First Brexit, now CV-19. The UK has seen some very choppy waters in recent years. Now Labour wants to Steer the UK into Calmer seas. Labour’s new slogan promises to Make Politics Boring Again.
Steer Calmer is the phrase on everybody’s lips. No more floundering in the muddy waters of Lake Corbyn, no more desperate struggles to hitch the bandwagon to HMS Boris Johnson. Instead we are expecting oil to be poured onto the UK’s troubled waters.
This is a distinct change from the current Prime Minister In Hiding, whose instincts lead him not to pour oil on troubled waters, but to build a bridge over them instead.
This is the moment that lefty snowflakes have been waiting for. The Left may sometimes have better policies, but the Right usually has the better slogans. No slogan is better than a bad slogan, and Steer Calmer is not too bad as these things go.

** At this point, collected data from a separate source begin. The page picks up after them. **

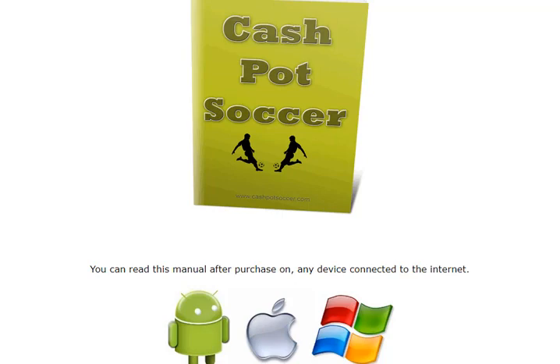Dennis has sent me this project. Dennis has sent me many good projects that we've offered over the last 15 years and Cashpot Soccer is just the trick again. Once again, this is a manual so when you purchase it, it will be available in our betting bookshop so you can read it on your phone, tablet, Android or Mac.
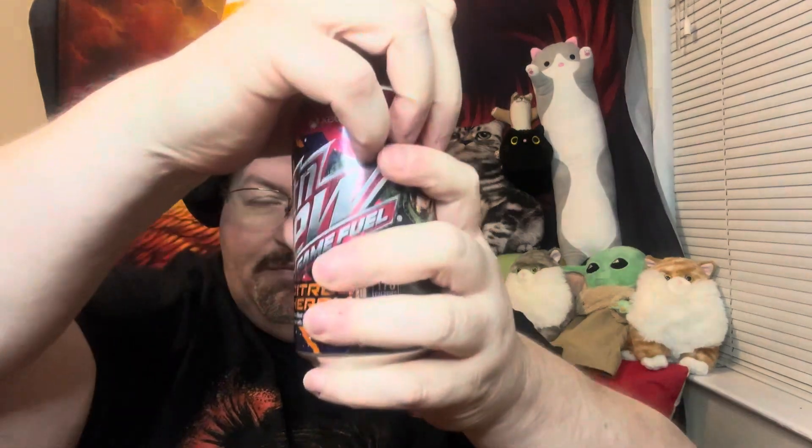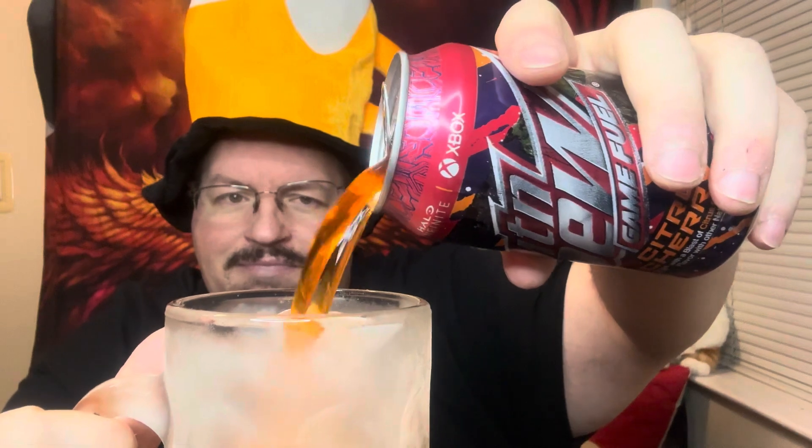I have a frosted glass and we're going to crack into this one. Check it out. Mountain Dew Citrus Cherry.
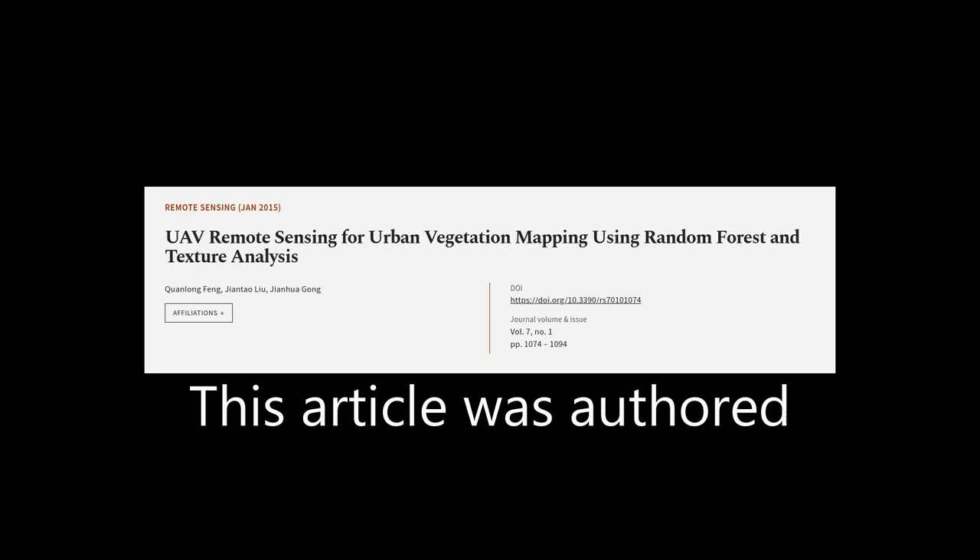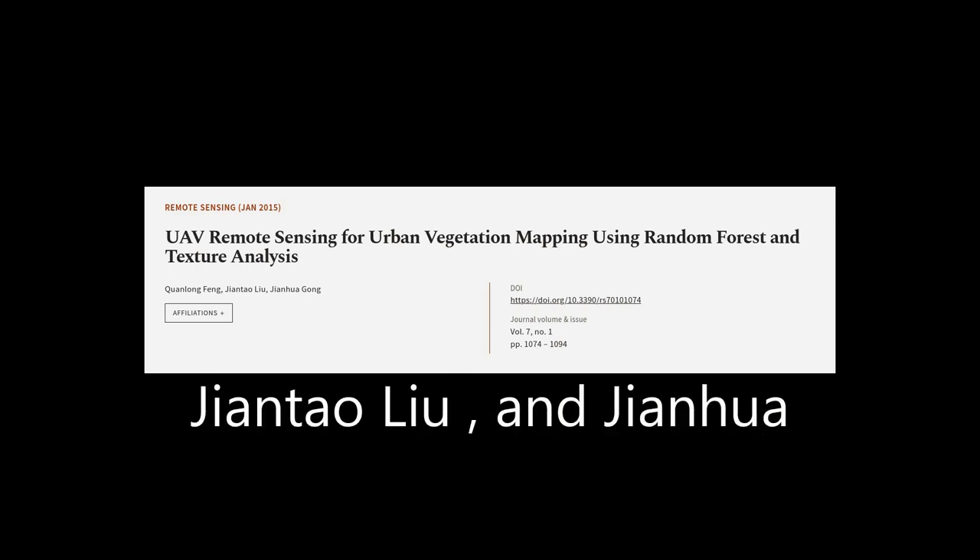This article was authored by Quan Long Fong, Jian Tao Lu, and Jian Hua Gong.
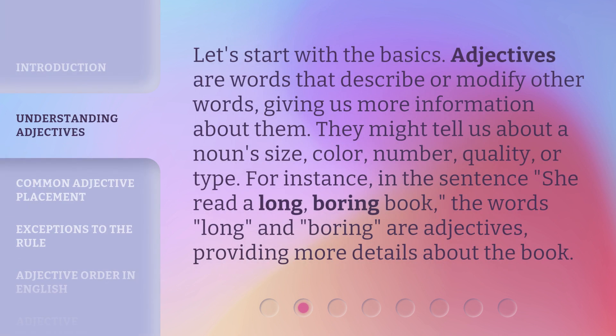Let's start with the basics. Adjectives are words that describe or modify other words, giving us more information about them. They might tell us about a noun's size, color, number, quality, or type. For instance, in the sentence 'she read a long, boring book,' the words 'long' and 'boring' are adjectives, providing more details about the book.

A slogan in itself cannot create ventilators out of thin air, or bring harmony to international talks. But, by soothing the people and the economy, maybe the good old Magic Money Tree will be tempted to bear fruit.

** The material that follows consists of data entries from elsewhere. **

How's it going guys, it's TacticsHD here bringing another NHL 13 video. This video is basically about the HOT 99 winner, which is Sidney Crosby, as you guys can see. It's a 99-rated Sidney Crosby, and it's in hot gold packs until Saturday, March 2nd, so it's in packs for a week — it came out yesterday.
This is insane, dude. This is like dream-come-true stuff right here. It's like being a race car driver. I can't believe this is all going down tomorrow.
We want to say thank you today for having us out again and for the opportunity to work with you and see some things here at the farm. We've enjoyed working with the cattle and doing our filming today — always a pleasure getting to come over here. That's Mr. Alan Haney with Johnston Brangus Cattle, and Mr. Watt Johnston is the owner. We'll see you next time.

Naturally, the world’s media all wanted to Zoom in on the slogan from the safety of their bedrooms. “Steer Calmer means Steer Calmer,” began the slogan, promisingly. Hundreds of eager hacks jabbed frantically at their bedside laptops. “It is an honour to be the new slogan of the Labour Party. New Labour, new slogan!” This was terrific stuff. Keyboards up and down the country were seeing action on a Saturday morning for the first time in decades. “My first priority is to preserve the NHS. And not by boiling it with sugar like my predecessor. I will un-jam the health service!”
The connection collapsed like the promise of free broadband, as every hack tried to ask a question at the same time. The virtual press conference was dead in the water.
Now there is only one thing for it. Get Boris Done.